> _PROBLEM STATEMENT_
Go through the listing below, and from the line containing "Arsenal legend Ian" through its last line, transcribe every line exactly, skipping pictures.

******************************

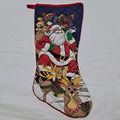 Vintage QUILTED CHRISTMAS STOCKING 16" Bag Gift...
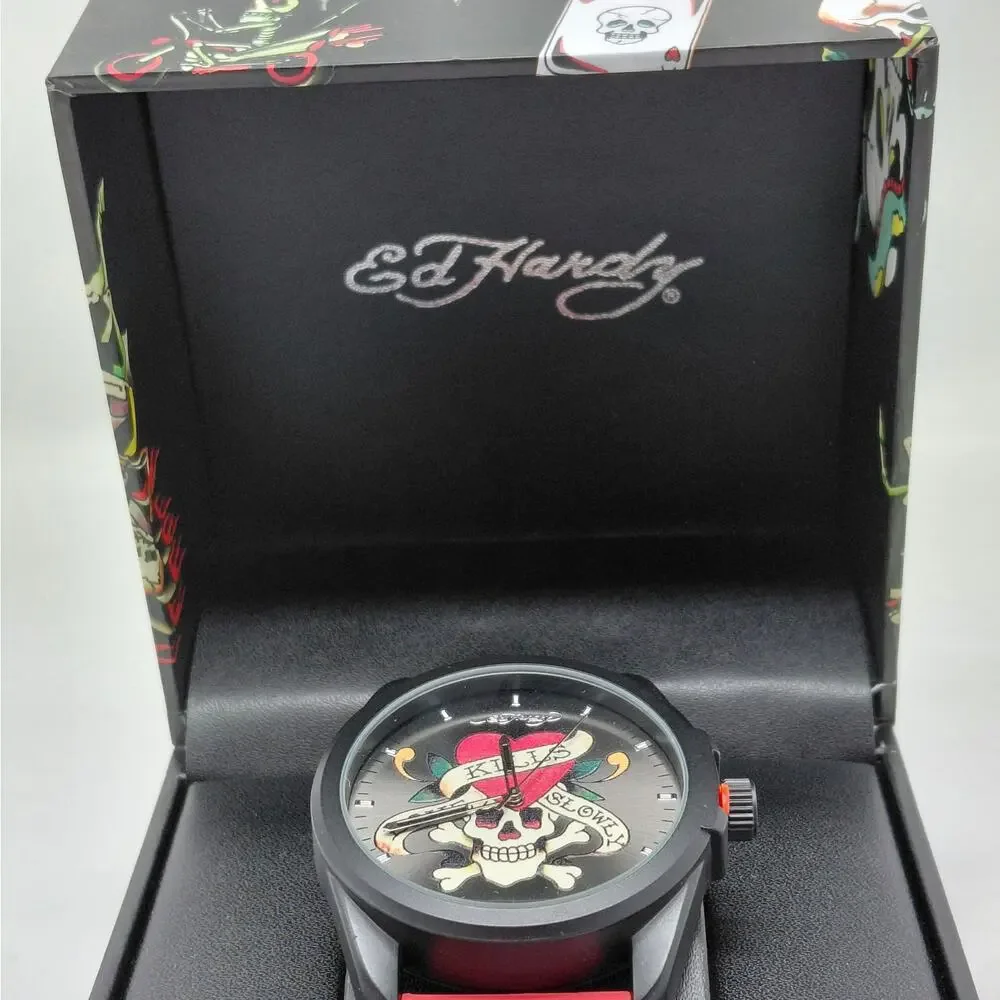 Ed Hardy Mens Love Kills Slowly Skull Tattoo Quartz Watch Y2K Gothic Punk Rock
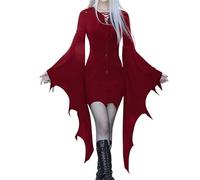 Generisch Witch Dress Women's Black Bat Fallen Angel Devil Vampire Witch Dress Scary Medieval Costumes Cosplay Fancy Dress Costumes Halloween Carnival Fancy Dress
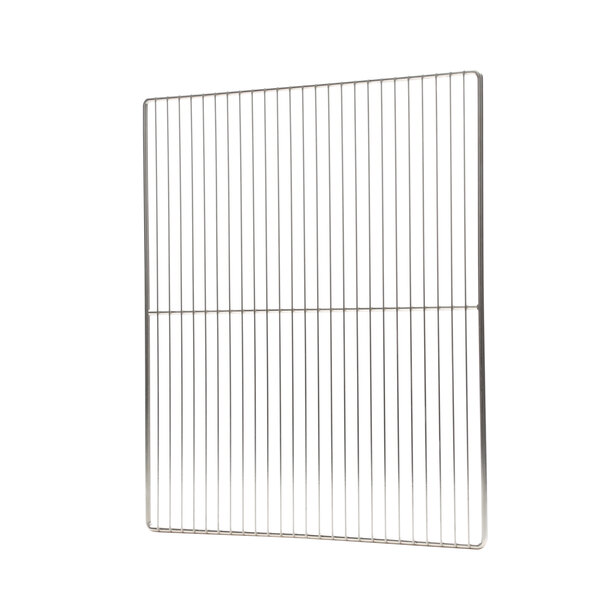 A metal wire shelf grid with a white background.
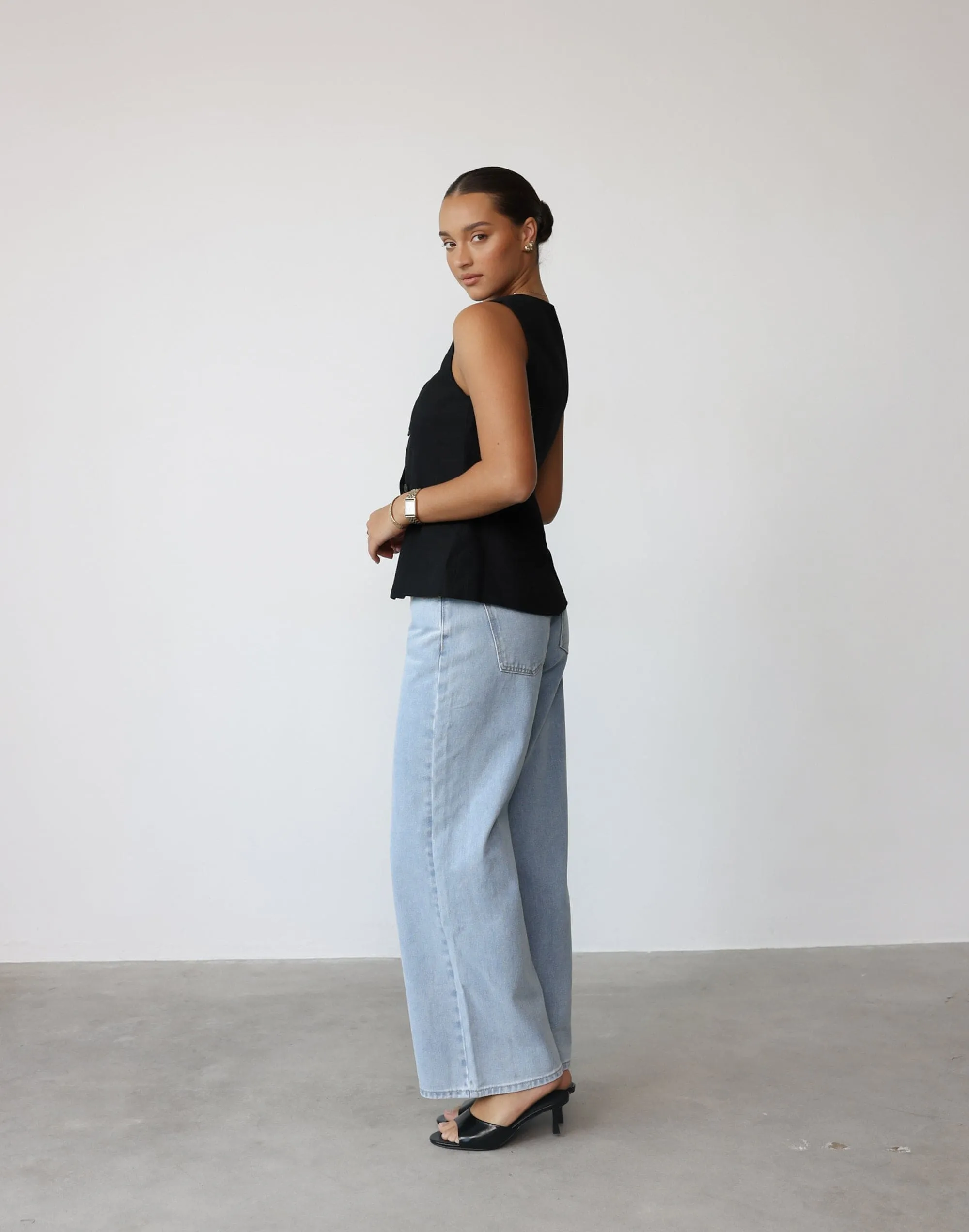 Kristen Vest Top (Black) sold by Charcoal Clothing product image thumbnail 4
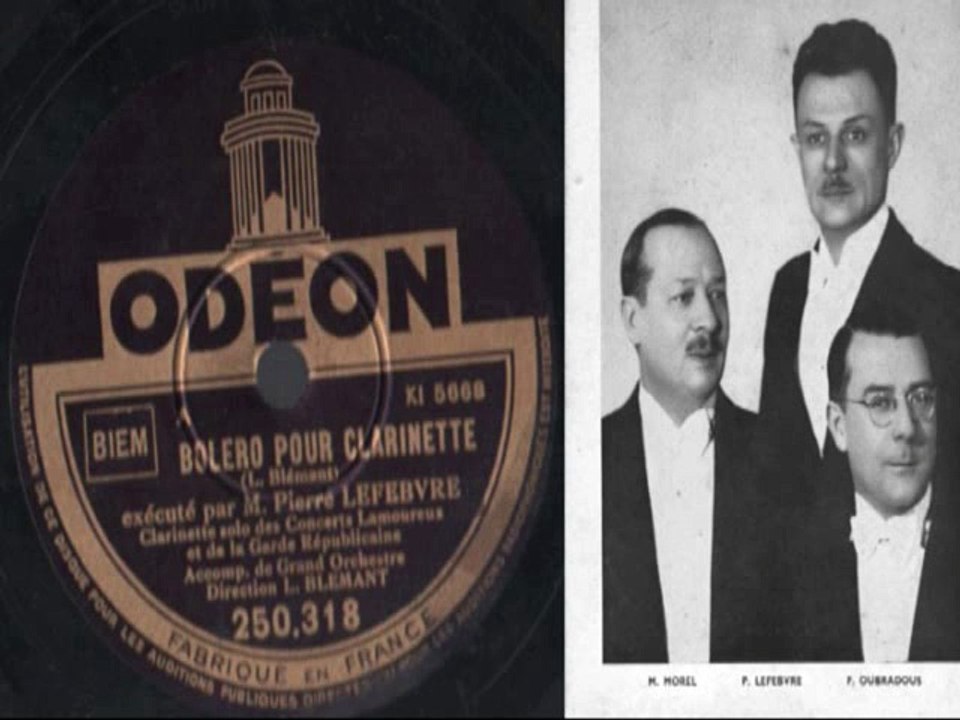Boléro de concert pour clarinette Vivien Pierre Lefebvre Clarinette Grand Orchestre Blémant
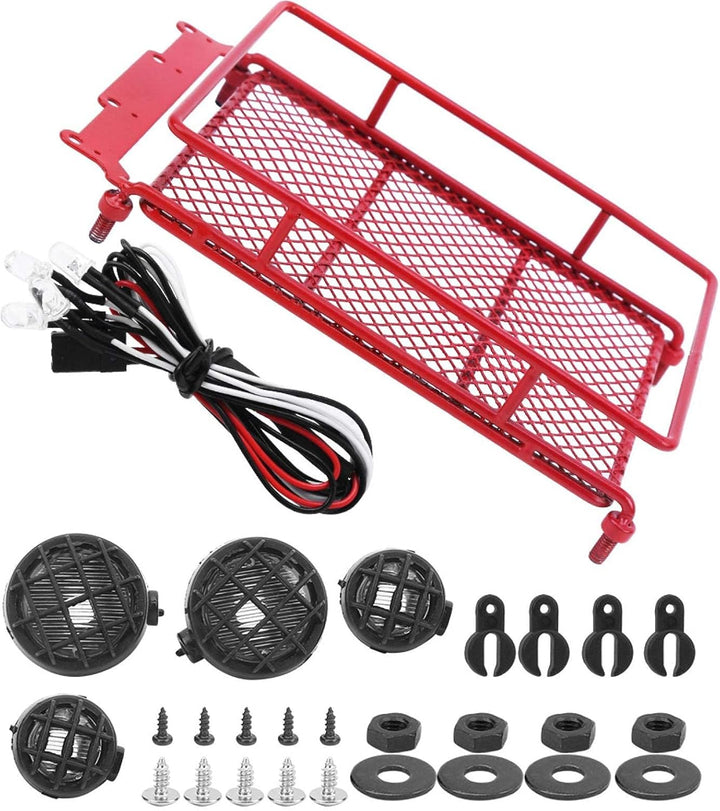 RC Gepäckträger, langlebiges Metall Dachgepäckträger mit LED-Leuchte für 1:12 RC Crawler Offroad Abe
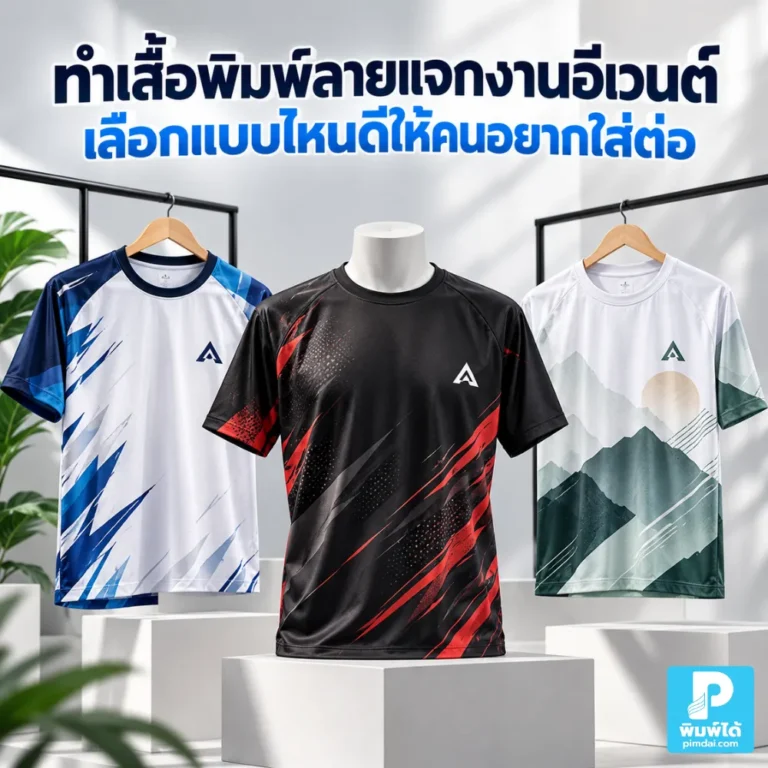 ทำเสื้อพิมพ์ลายแจกงานอีเวนต์ เลือกแบบไหนดีให้คนอยากใส่ต่อ แนะนำทรง สี เนื้อผ้า ลายพิมพ์ และดีไซน์ให้ดูดีแม้หลังจบงาน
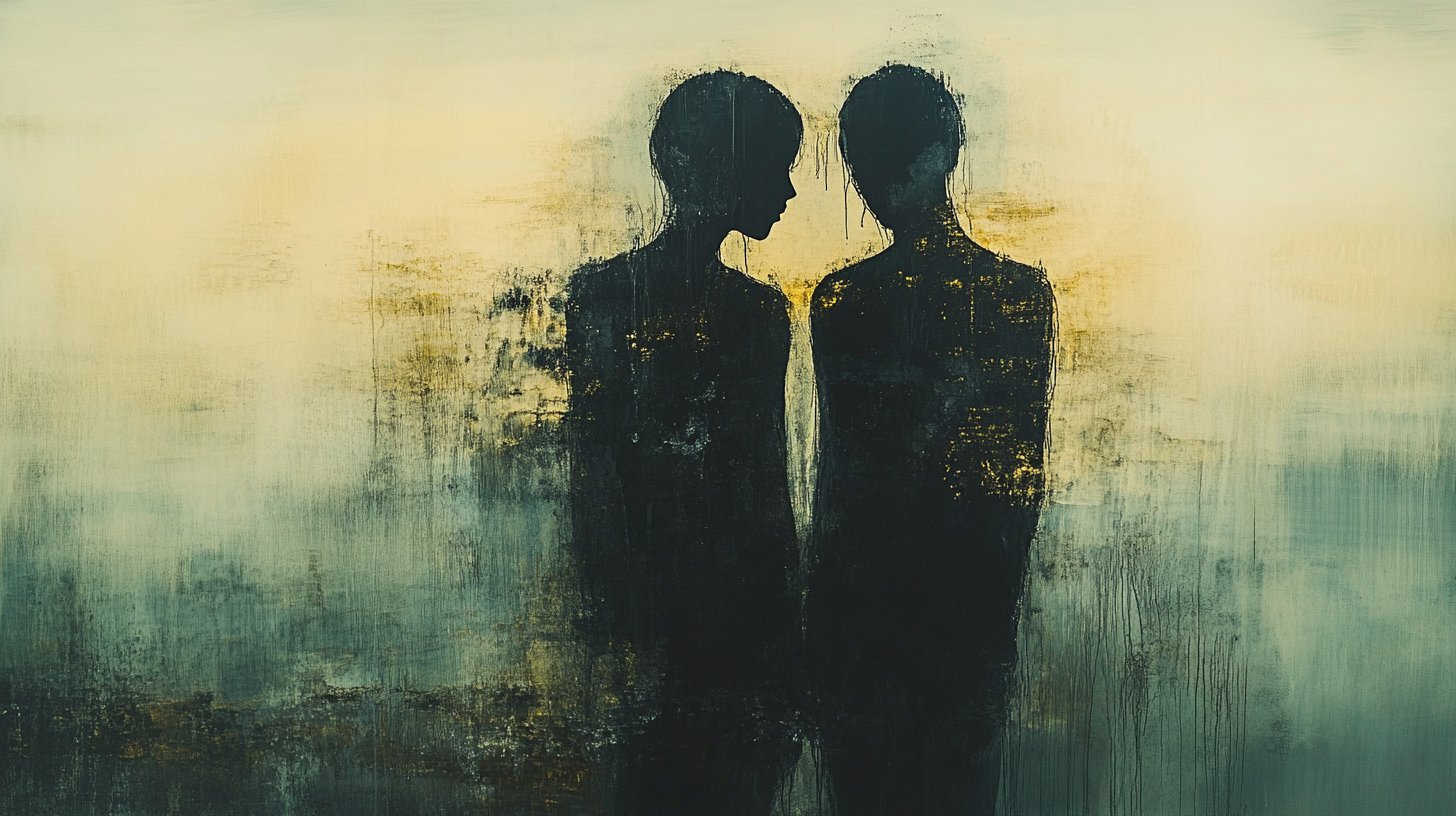 Entfernte Figuren im emotionalen Schatten.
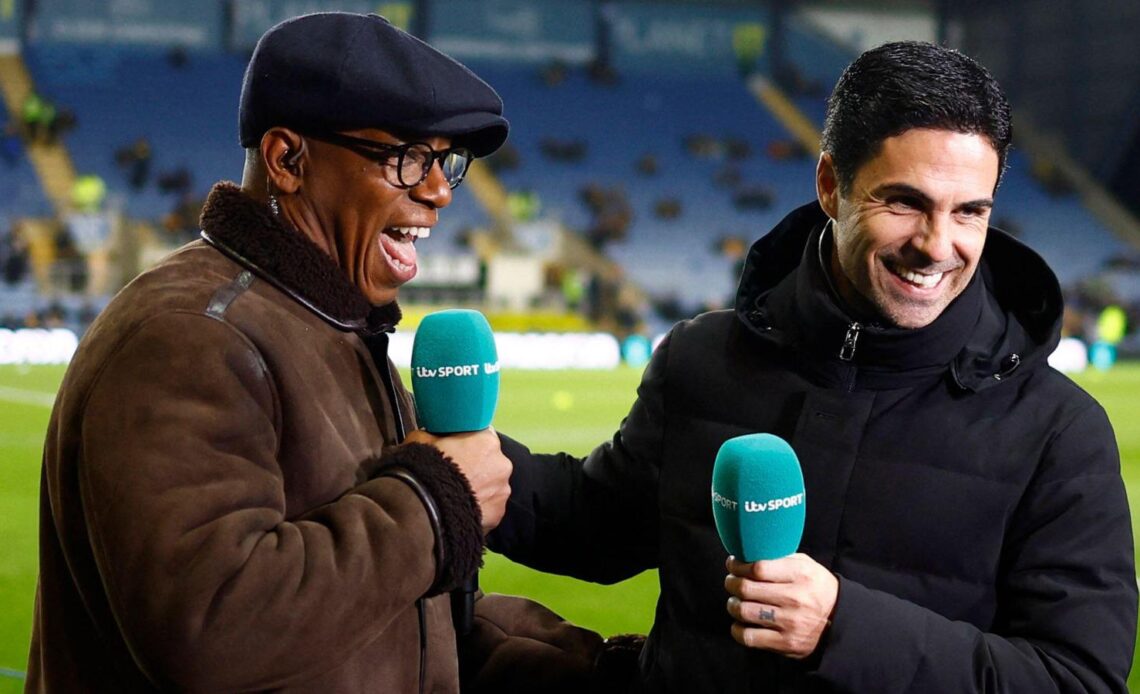 Arsenal legend Ian Wright laughs with Gunners manager Mikel Arteta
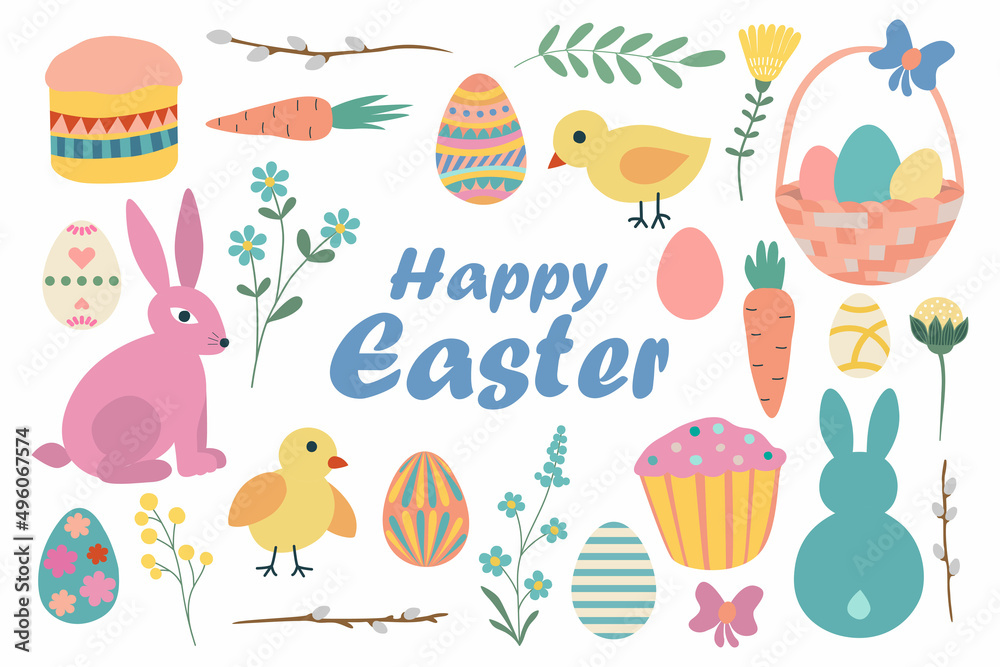 Happy Easter Vector Illustration Set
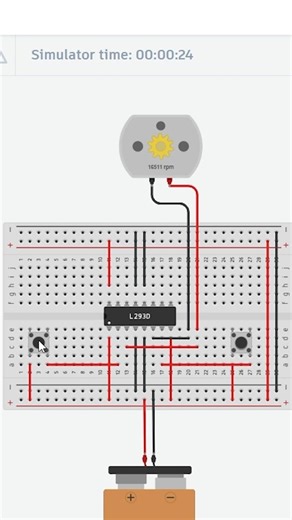 Control DC Motor with L293D Motor Driver IC 🔥 | #tech #shorts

******************************

> _OUTPUT_
 Arsenal legend Ian Wright laughs with Gunners manager Mikel Arteta
 Happy Easter Vector Illustration Set
 Control DC Motor with L293D Motor Driver IC 🔥 | #tech #shorts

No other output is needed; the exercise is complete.